The Librarian of Auschwitz(9)
Fredy Hirsch watched her in silence, taking pleasure in her absorbed expression. If he had any doubts about the responsibility he’d given to the young Czech girl, they dissipated in that moment. He knew that Edita would look after the library carefully.
The Basic Treatise on Geometry was somewhat better preserved. It unfurled a different geography in its pages: a countryside of isosceles triangles, octagons, and cylinders, rows of ordered numbers in squads of arithmetical armies, formations that were like clouds, and parallelograms like mysterious cells.
Her eyes opened wide at the third book. It was A Short History of the World by H. G. Wells.

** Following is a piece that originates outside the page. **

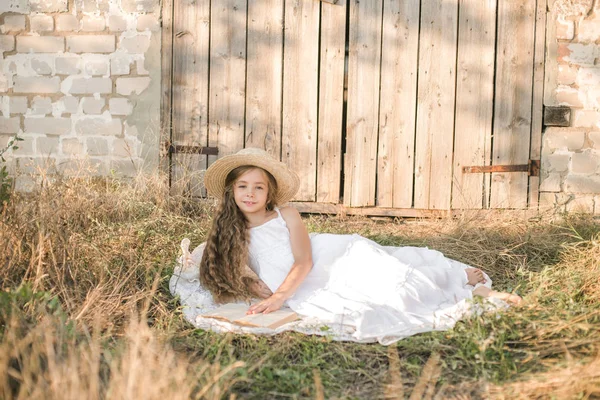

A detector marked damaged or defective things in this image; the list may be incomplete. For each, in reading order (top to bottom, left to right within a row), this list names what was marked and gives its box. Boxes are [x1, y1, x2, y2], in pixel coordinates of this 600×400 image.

rusty metal hinge [462, 159, 540, 177] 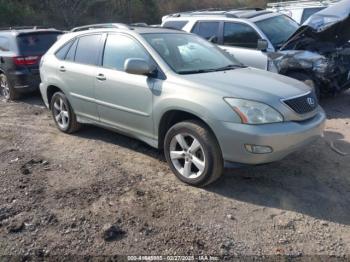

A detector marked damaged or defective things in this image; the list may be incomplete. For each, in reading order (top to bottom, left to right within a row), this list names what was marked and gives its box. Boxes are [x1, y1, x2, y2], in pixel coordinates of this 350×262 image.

damaged car [163, 0, 350, 96]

A book populated by primitive men, Egyptians, Romans, Maya … civilizations that formed empires and then collapsed so that new ones could emerge.
The fourth title was A Russian Grammar. She didn’t understand a thing, but she liked those enigmatic letters. Now that Germany was also at war with Russia, the Russians were her friends. Dita had heard that there were many Russian prisoners of war in Auschwitz and that the Nazis treated them with extreme cruelty.
There was also a French novel in bad condition and a treatise with the title New Paths to Psychoanalytic Therapy by a professor named Freud. There was another novel in Russian with no cover. And the eighth book was Czech, only a handful of sheets held together by a few threads along the spine. Before she could take it in her hands, Fredy grabbed it. She looked at him with the expression of a displeased librarian. She wished she had a pair of tortoiseshell glasses so that she could look at him over their rim, as serious librarians do.
“This one’s in a very bad state. It’s no good.”
“I’ll fix it.”
“And anyway … it’s not appropriate for children, especially girls.”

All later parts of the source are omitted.